En fin, tampoco es que esto importe mucho en lo que se refiere a este libro, pero es una de las cosas que pensé cuando me enteré de que el autor era holandés. Se me vienen nombres de escritores franceses, ingleses, italianos, suecos, noruegos, alemanes e incluso belgas o finlandeses, pero ni uno holandés.

Y leyendo este libro me he dado cuenta de que, al menos  en lo que respecta a este señor, no se escribe mal por esas tierras. Tampoco es que este libro sea un novelón, pero es entretenido.

Por contar un poco de qué va os diré que nos cuenta una cena de dos parejas que se conocen. Durante esa cena se va contando la historia anterior y va habiendo flashbacks. Lo que sucedió a continuación te sorprenderá. O no, la verdad es que no es un libro de suspense ni de misterio.
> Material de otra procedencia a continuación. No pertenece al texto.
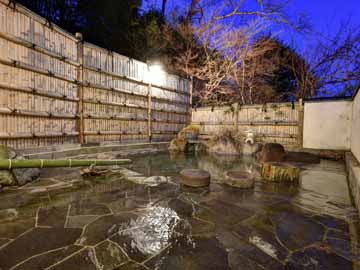 *内湯（女性）/「子宝の湯」とも知られおります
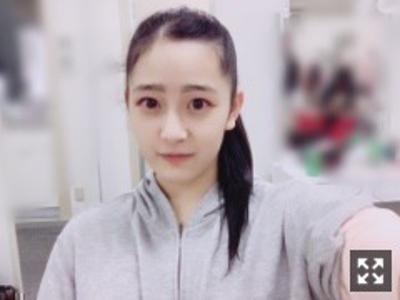矢印の方向に歩けば歩くほど頭がパイナップルに突き刺さる。 向井葉月 - 画像3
Sí hay secretos, pero se desvelan más o menos pronto y van dando sentido a todo lo que se nos cuenta.

A mí me ha parecido una lectura entretenida y, la verdad, no es que sea muy larga y eso también en algunas situaciones se agradece. De hecho esta semana ha salido otro libro de este autor en el Kindle Flash y también me la he comprado.

Algún otro fragmento:
"los matrimonios desdichados, nunca pueden estar solos. Cuantos más testigos tengan, mejor. La desdicha busca siempre compañía. La desdicha no soporta el silencio, sobre todo los silencios incómodos que se producen cuando se está a solas".

"Aquel póster hizo que me pusiera aún más alerta. Probablemente, el director estaba en contra del calentamiento global y la injusticia en general. Quizá no comía carne de mamíferos y era antiamericano o, al menos, anti Bush, una opinión que daba a la gente carta blanca para no pensar nada más. Quien estaba contra Bush era alguien justo, y por tanto podía comportarse en su entorno inmediato como un cabrón".
En fin, me parece un libro interesante y que, aunque no sea la leche, al menos no es especialmente malo y eso para la narrativa actual ya es un mérito.